Roofing, Windows, and Doors
Over the years I've done a lot of roofing projects; the question is usually between tin and shingles. If you have a larger budget you might want to consider other options such as composite shake, but I will focus on the classic metal or asphalt. Both have their appeal and weaknesses. On both of my micro homes, I decided to go with tin roofing; that is my preferred choice. It can look great, is lighter than shingles, and I feel good having a solid metal roof over my head that will last a long time. On the other hand, shingles have their strengths as well. Architectural shingles look good! They don't last as long as tin, but they are easy to work with when it comes to flashing. If you want to add a skylight to your house, for example, that's worth considering. In my experience tin roofs go on much quicker that shingles.

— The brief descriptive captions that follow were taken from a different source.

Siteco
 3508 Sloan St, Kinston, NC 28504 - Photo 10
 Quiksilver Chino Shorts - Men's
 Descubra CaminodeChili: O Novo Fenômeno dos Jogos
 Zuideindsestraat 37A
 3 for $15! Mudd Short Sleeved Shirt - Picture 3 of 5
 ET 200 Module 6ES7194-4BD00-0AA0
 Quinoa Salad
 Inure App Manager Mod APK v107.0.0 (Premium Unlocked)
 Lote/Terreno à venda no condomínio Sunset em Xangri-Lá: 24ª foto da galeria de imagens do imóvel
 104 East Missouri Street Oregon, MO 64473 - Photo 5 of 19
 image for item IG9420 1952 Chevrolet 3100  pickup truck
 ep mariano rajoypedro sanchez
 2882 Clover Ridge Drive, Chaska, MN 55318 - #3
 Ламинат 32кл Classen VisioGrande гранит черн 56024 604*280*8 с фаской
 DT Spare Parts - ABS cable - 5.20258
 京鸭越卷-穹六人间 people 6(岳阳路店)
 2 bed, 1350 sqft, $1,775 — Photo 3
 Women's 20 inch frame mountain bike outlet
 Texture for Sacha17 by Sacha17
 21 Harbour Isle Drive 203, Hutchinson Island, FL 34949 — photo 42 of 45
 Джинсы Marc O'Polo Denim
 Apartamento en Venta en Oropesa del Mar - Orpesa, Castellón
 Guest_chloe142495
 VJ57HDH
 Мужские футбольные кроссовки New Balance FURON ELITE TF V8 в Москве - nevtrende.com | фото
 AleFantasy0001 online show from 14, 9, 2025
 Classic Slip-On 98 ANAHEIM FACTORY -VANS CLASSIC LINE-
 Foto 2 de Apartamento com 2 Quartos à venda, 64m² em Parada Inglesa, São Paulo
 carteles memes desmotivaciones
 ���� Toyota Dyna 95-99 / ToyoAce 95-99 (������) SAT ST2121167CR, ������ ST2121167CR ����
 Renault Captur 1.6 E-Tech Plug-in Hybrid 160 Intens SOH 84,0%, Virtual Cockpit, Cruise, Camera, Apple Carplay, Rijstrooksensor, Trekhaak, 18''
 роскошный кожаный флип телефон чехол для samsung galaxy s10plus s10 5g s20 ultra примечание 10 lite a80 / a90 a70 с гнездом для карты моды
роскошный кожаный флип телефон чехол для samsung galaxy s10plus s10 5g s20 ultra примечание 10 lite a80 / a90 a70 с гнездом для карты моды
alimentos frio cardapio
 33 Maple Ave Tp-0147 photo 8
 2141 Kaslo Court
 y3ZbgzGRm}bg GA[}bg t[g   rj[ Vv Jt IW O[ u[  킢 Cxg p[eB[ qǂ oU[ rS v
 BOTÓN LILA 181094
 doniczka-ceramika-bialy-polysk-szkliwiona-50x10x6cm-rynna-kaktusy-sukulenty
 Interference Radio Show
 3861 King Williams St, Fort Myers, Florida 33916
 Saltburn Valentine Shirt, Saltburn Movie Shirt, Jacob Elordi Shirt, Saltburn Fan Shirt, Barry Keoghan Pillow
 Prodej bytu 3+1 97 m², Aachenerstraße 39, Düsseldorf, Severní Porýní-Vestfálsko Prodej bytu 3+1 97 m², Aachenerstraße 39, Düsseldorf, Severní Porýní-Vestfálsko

That being said, I used two different tin roofing products for my homes. The first I built with a very high quality standing seam roof. The tin has a 26 gauge thickness (the lower the better), and all of the screws are hidden. Not having to rely on roofing screw gaskets is great for looks and functionality. The standing seam tin was more expensive, but in retrospect I would build with that every time. With the second build, I use normal "tough rib" tin. It came in sheets 3' wide, and went up quick. I spent more money getting a textured look on the tin, but from the ground you can't see the difference, so that turned out to be a waste.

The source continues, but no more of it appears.